Selection of pilot sites will be completed by January 2011. Pilot activities and the development and implementation of data sharing activities will be an ongoing activity.

Resources include HFS and its IHB2 Project Management Committee and subcommittees, Bureau of Early Intervention, and CFC offices.

Continued participation in Children's Health Insurance Program Reauthorization Act (CHIPRA) Child Health Quality Demonstration Grant.

Bureau staff will continue participation in work groups and assist in the development and implementation of strategies throughout the grant period (i.e., 2015).

Resources include HFS and its CHIPRA Child Health Quality Demonstration Grant work groups, Bureau of Early Intervention, and CFC offices.

Continue participation in Enhancing Developmentally Oriented Primary Care (EDOPC).

Bureau and EI Training Program staff will continue participation in the EDOPC advisory group and CFC offices will participate in pilot project activities.
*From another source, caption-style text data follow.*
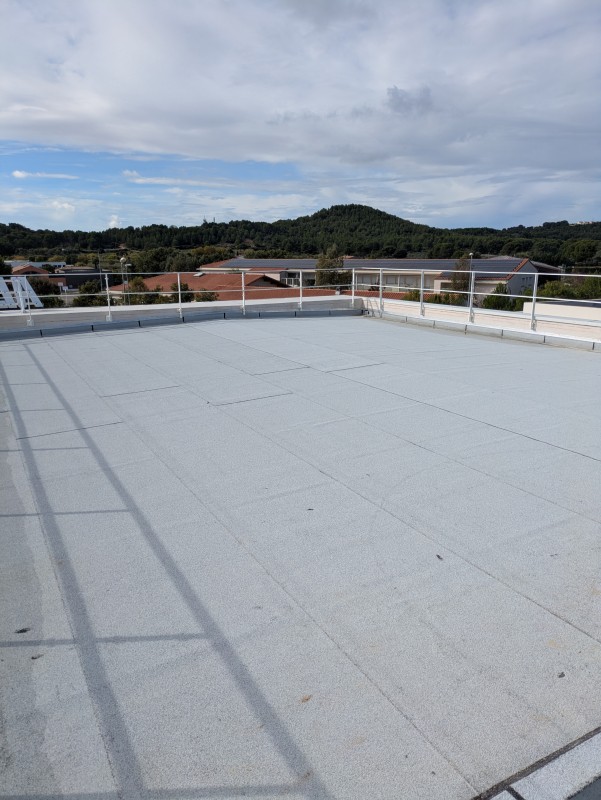 Réalisation d’un complexe iso-étanche bicouche sur bac acier pour un immeuble de bureaux à Saint-Mitre-les-Remparts dans les Bouches-du-Rhône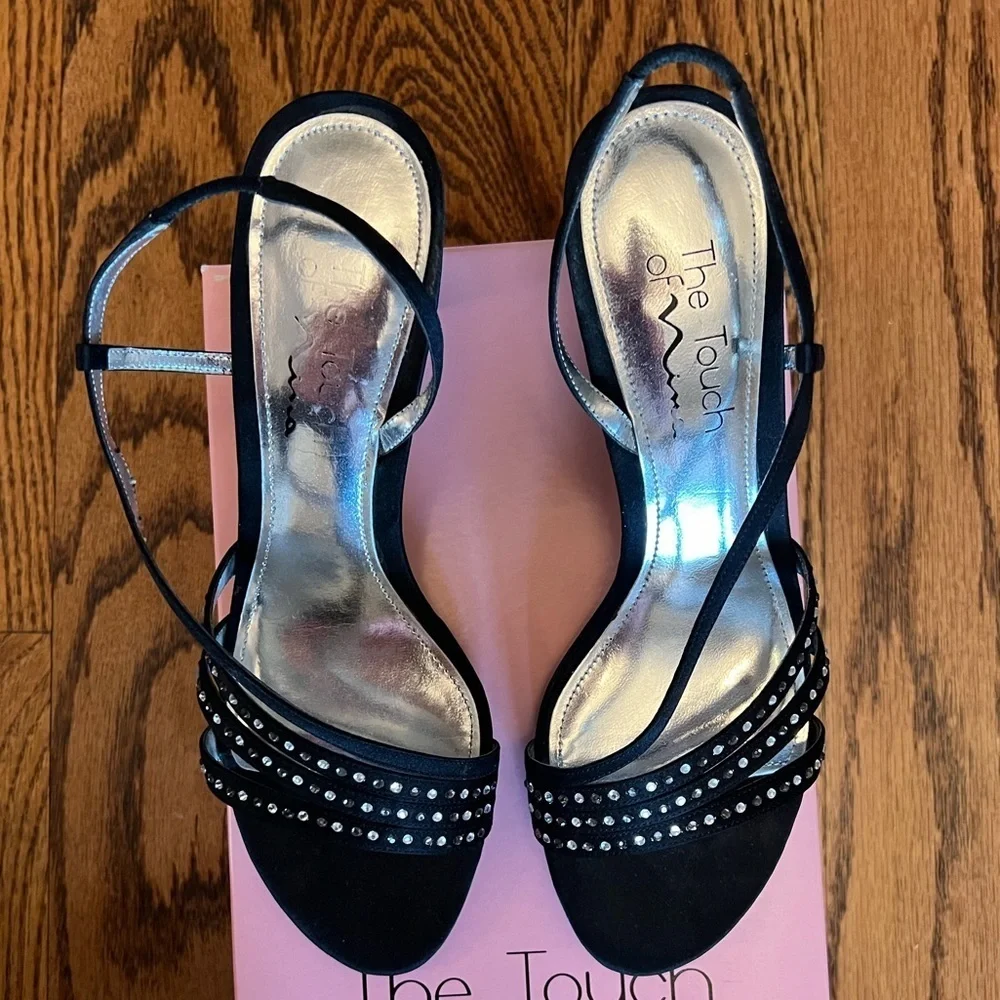Touch of Nina Gisepe1 Black Luster 2” Heels Size 7.5
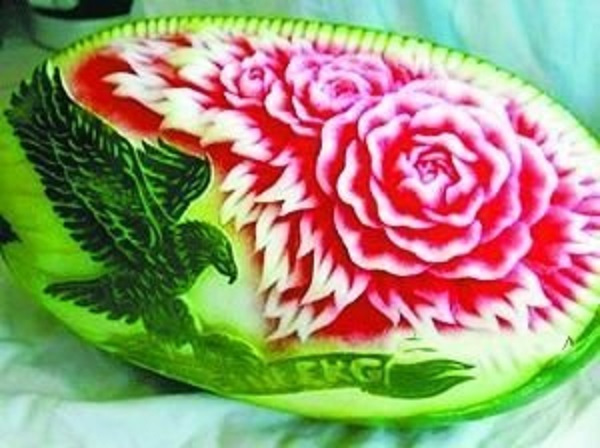 精美的瓜果雕刻艺术作品，栩栩如生，令人赏心悦目！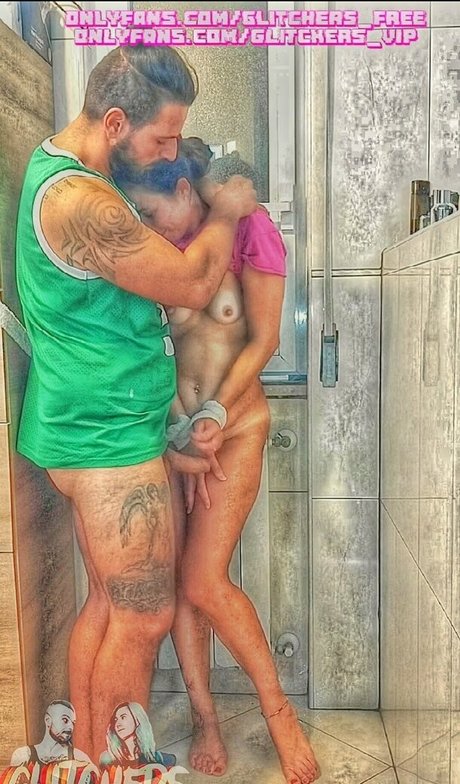 Nacktes geleaktes OnlyFans-Foto von Glitchersfree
Resources include the Advocate Health Care Steps Program, Illinois Chapter, American Academy of Pediatrics, Bureau of Early Intervention, EI Training Program, and CFC offices.

Utilize Program Integrity pilot project efforts to identify barriers to participation of infants in the program and develop strategies that can be shared with other CFC offices.

A CFC office with low under 1 participation rate will be chosen as a pilot project in FFY10/SFY11. Identification of barriers, implementation of strategies, and sharing strategies with other CFC offices will be an ongoing effort. Resources include the Bureau of Early Intervention, the EI Training Program, EI System Ombudsman, and the EI Monitoring Program.